**Task objective:**
Copy exactly. Include the line containing "What Types of", every line after it, and the last line below, but no pictures.

-*-

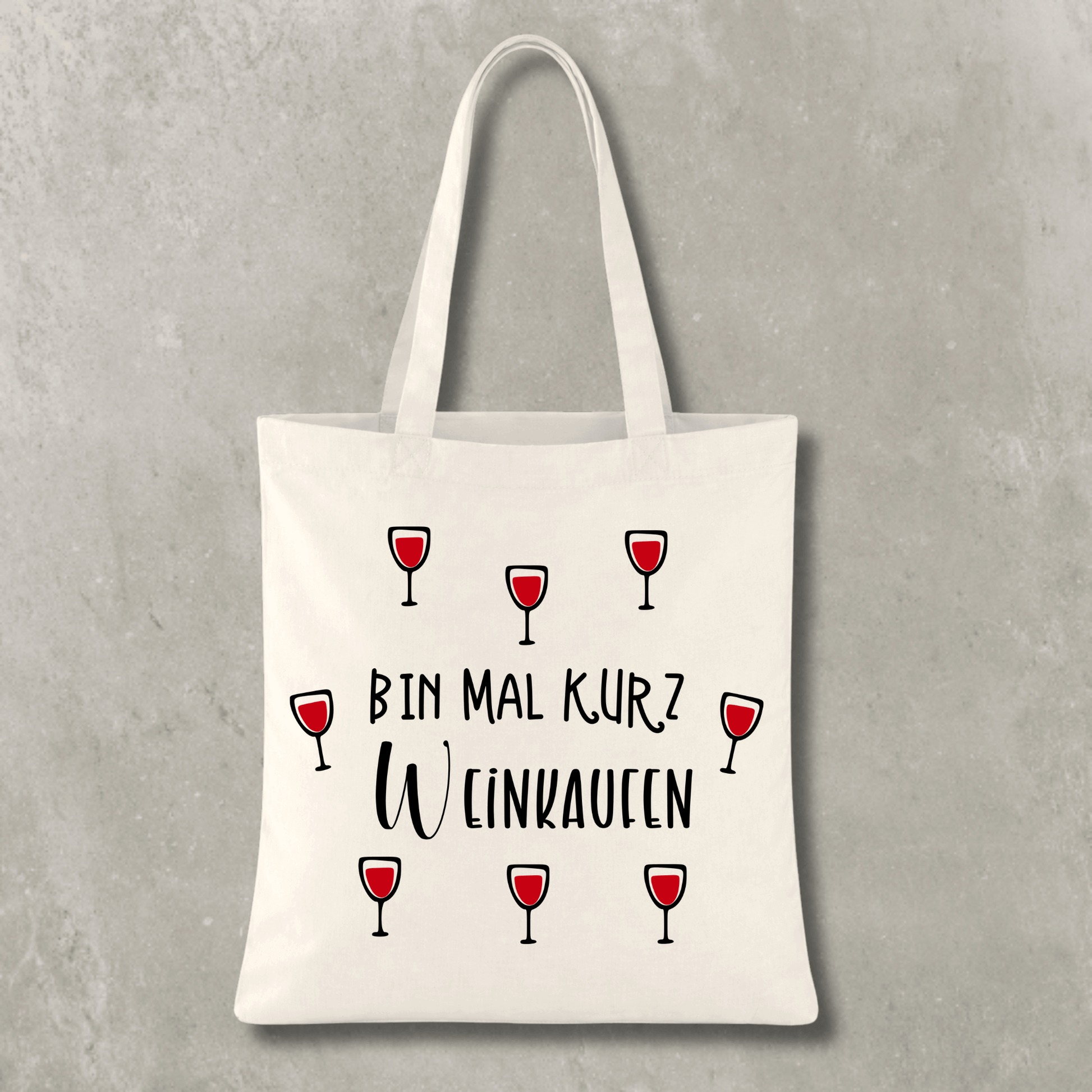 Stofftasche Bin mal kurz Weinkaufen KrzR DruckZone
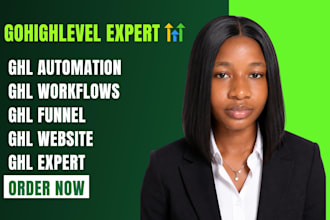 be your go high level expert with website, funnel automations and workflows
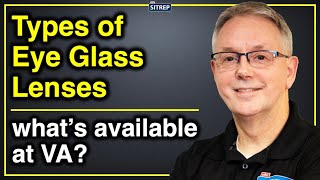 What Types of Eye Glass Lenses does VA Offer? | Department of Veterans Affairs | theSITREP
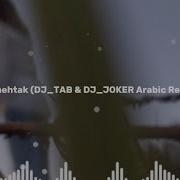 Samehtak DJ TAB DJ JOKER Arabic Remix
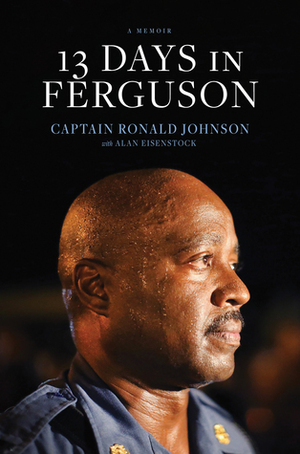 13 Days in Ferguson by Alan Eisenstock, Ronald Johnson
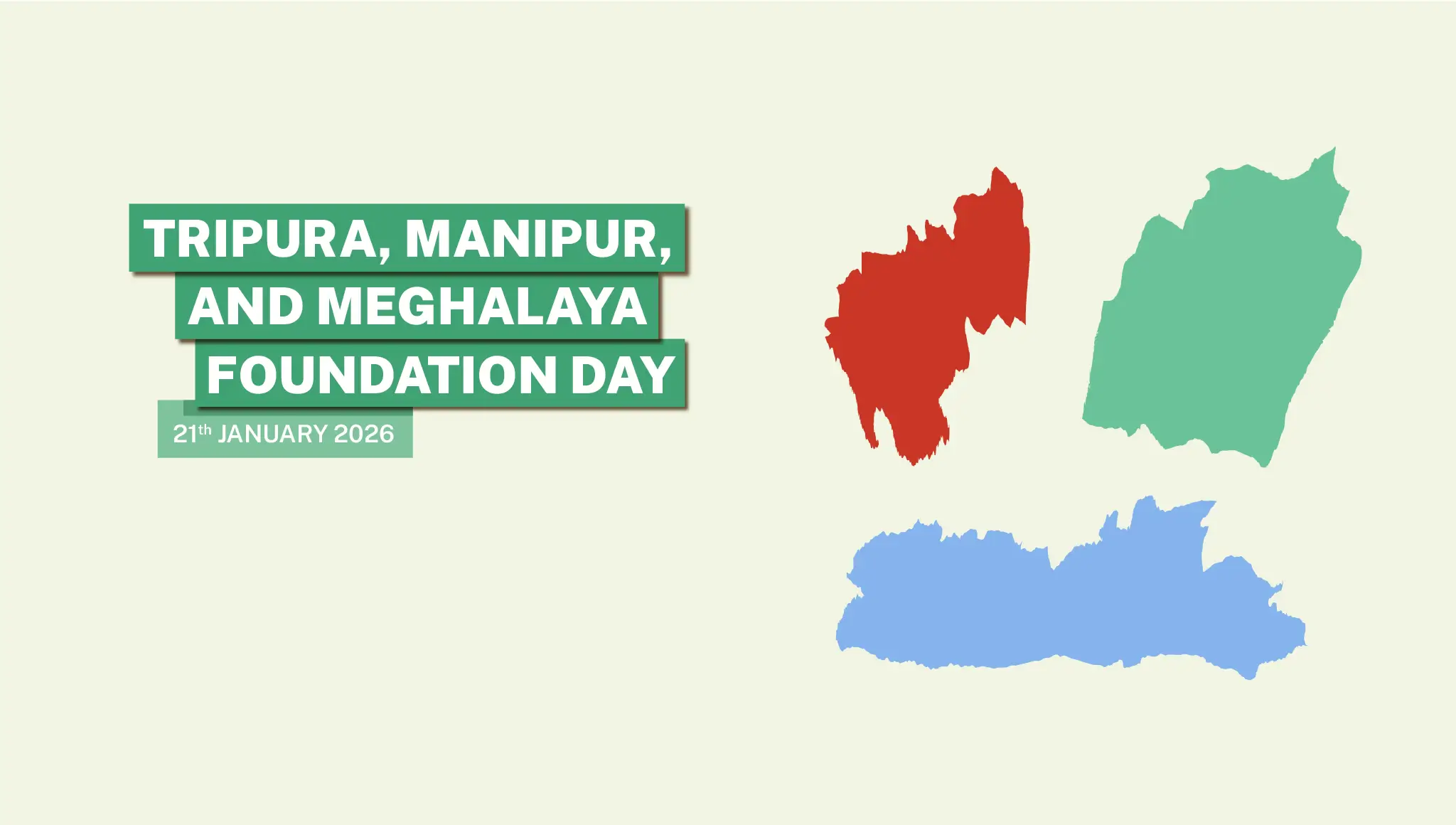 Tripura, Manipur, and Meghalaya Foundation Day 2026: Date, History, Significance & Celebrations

-*-

**Written reply:**
 What Types of Eye Glass Lenses does VA Offer? | Department of Veterans Affairs | theSITREP
 Samehtak DJ TAB DJ JOKER Arabic Remix
 13 Days in Ferguson by Alan Eisenstock, Ronald Johnson
 Tripura, Manipur, and Meghalaya Foundation Day 2026: Date, History, Significance & Celebrations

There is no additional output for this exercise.